When you copy the data, keep every line exactly as written and skip the pictures.
BEGIN STORED DATA
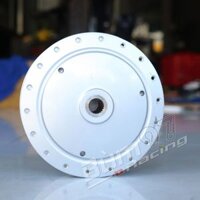 Đùm Bánh Căm Luvias Fi Chính Hãng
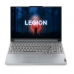 Laptop Lenovo Yoga Slim 5 16
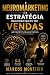 Neuromarketing: É a estraté...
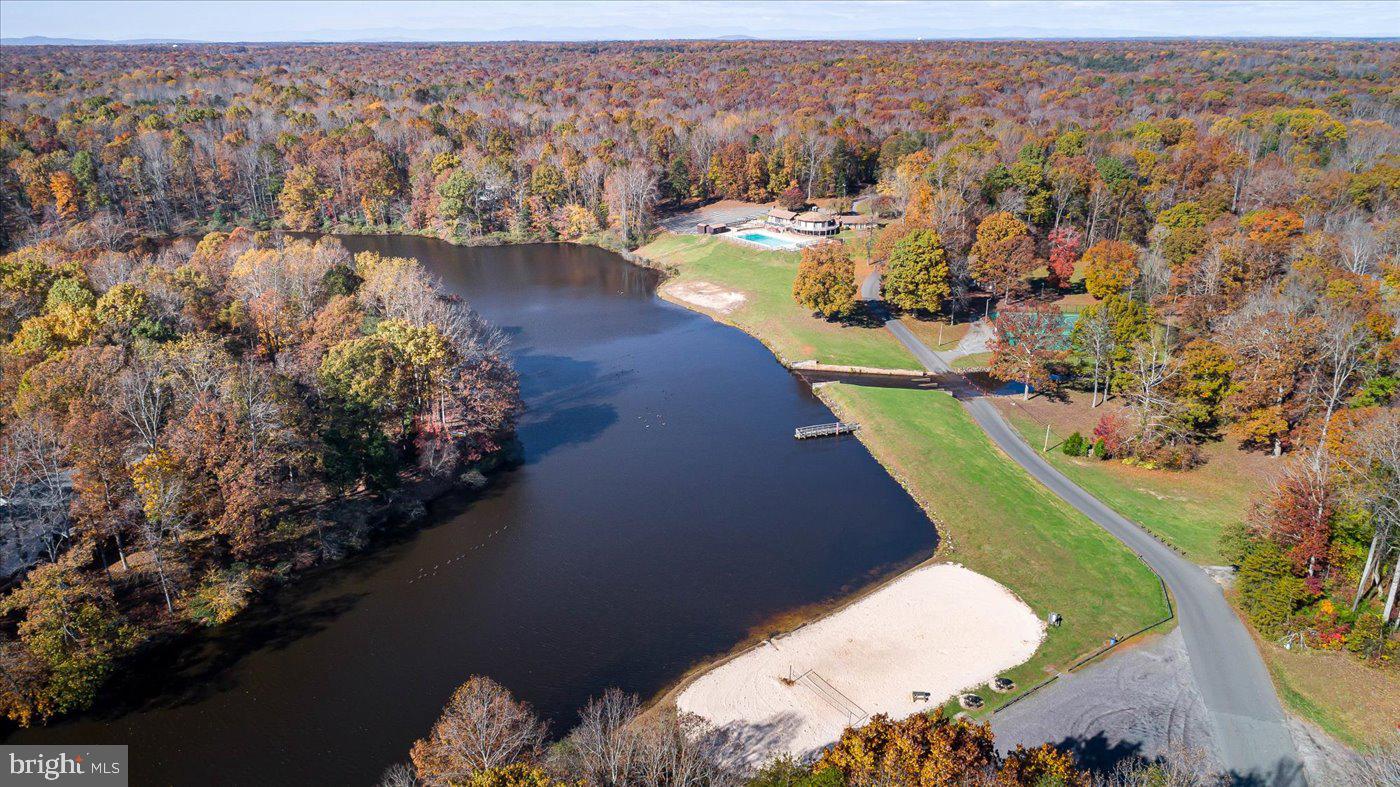 12202 PLANTATION DRIVE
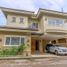 5 Bedroom Villa for sale in Eastern District, Metro Manila, Quezon City, Eastern District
END STORED DATA
RESULT FOR THIS TASK |
 Đùm Bánh Căm Luvias Fi Chính Hãng
 Laptop Lenovo Yoga Slim 5 16
 Neuromarketing: É a estraté...
 12202 PLANTATION DRIVE
 5 Bedroom Villa for sale in Eastern District, Metro Manila, Quezon City, Eastern District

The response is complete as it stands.